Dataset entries
════════════════

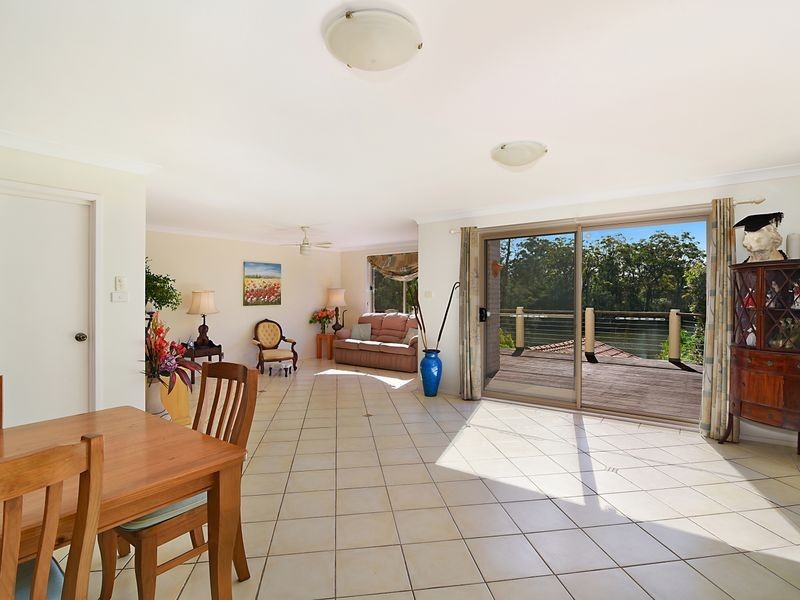 4 Mckellar Boulevard, Blue Haven NSW 2262
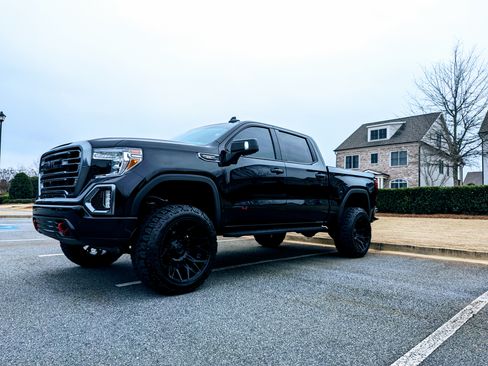 Used 2021 GMC Sierra 1500 AT4 w/ AT4 Value Package image 2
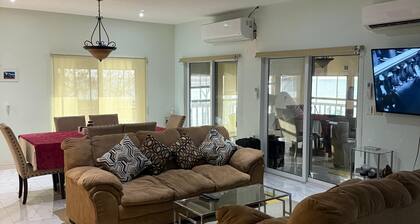 Modern Beautiful 3-bedroom house in Bennetts harbor, Cat Island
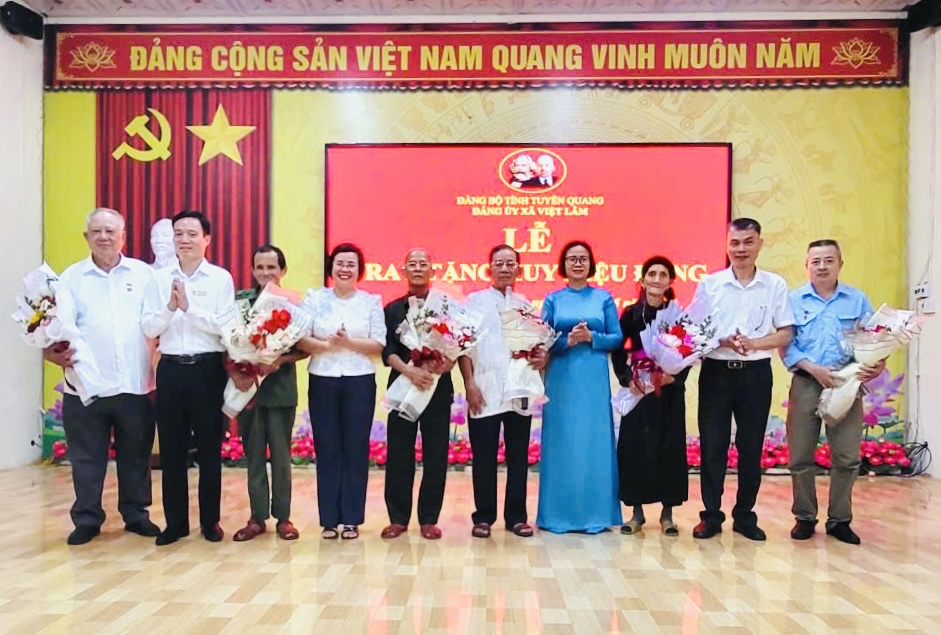 ĐẢNG ỦY XÃ VIỆT LÂM TRAO HUY HIỆU ĐẢNG ĐỢT 19/5/2026.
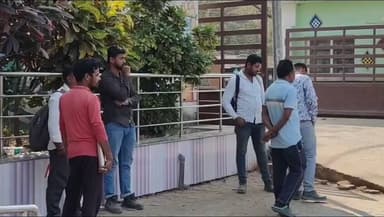 ଘସିପୁରା: ତନେଇପାଳ ଠାରେ ମାଟି ଅତଡ଼ା ଖସି ଶ୍ରମିକ ମୃତ ଘଟଣାରେ ପରିବାର ଲୋକଙ୍କୁ ଭେଟିଲେ ଉପ ଜିଲ୍ଲାପାଳ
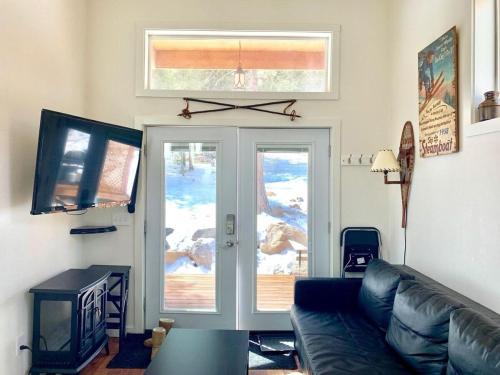 Bierstadt Cabin at Base Camp Lodging Company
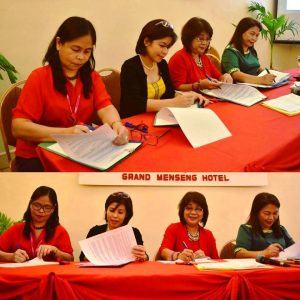 (From left): Davao City Social Services and Development Office (CSSDO) Head Ma. Luisa T. Bermudo, Davao City Administrator Atty. Zulieka Lopez, Department of Social Welfare and Development-Social Technology Bureau (DSWD-STB) Director Thelsa P. Biolena and DSWD XI Regional Director Mercedita P. Jabagat sign the Memorandum of Agreement (MOA) to implement two core social protection programs in the City, namely: Buklod Paglaom para sa Children in Conflict with the Law (CICL) and the Comprehensive Program for Children and Families at Risk on the Streets.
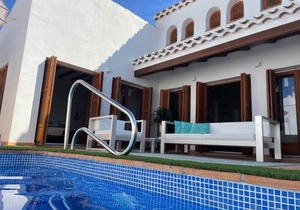 Villa para disfrutar en el Valle Golf Resort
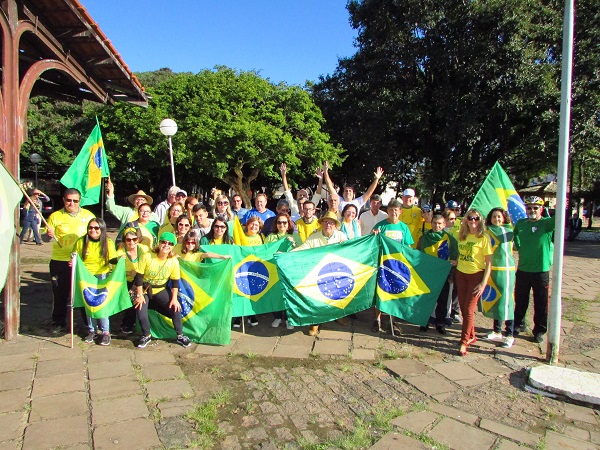 Famílias cachoeirenses foram à praça em ato pró-Bolsonaro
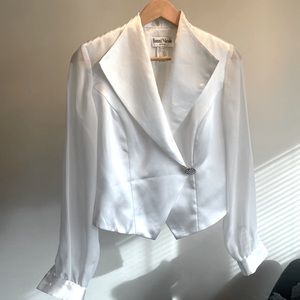 VINTAGE blouse. Doesnt wrinkle and shoulderpads are removable.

════════════════

## Work instructions
All lines from the one containing "Villa para disfrutar en el Valle Golf Resort" to the last line of the records above, and no others, should be returned unchanged, without pictures.

## Response below
 Villa para disfrutar en el Valle Golf Resort
 Famílias cachoeirenses foram à praça em ato pró-Bolsonaro
 VINTAGE blouse. Doesnt wrinkle and shoulderpads are removable.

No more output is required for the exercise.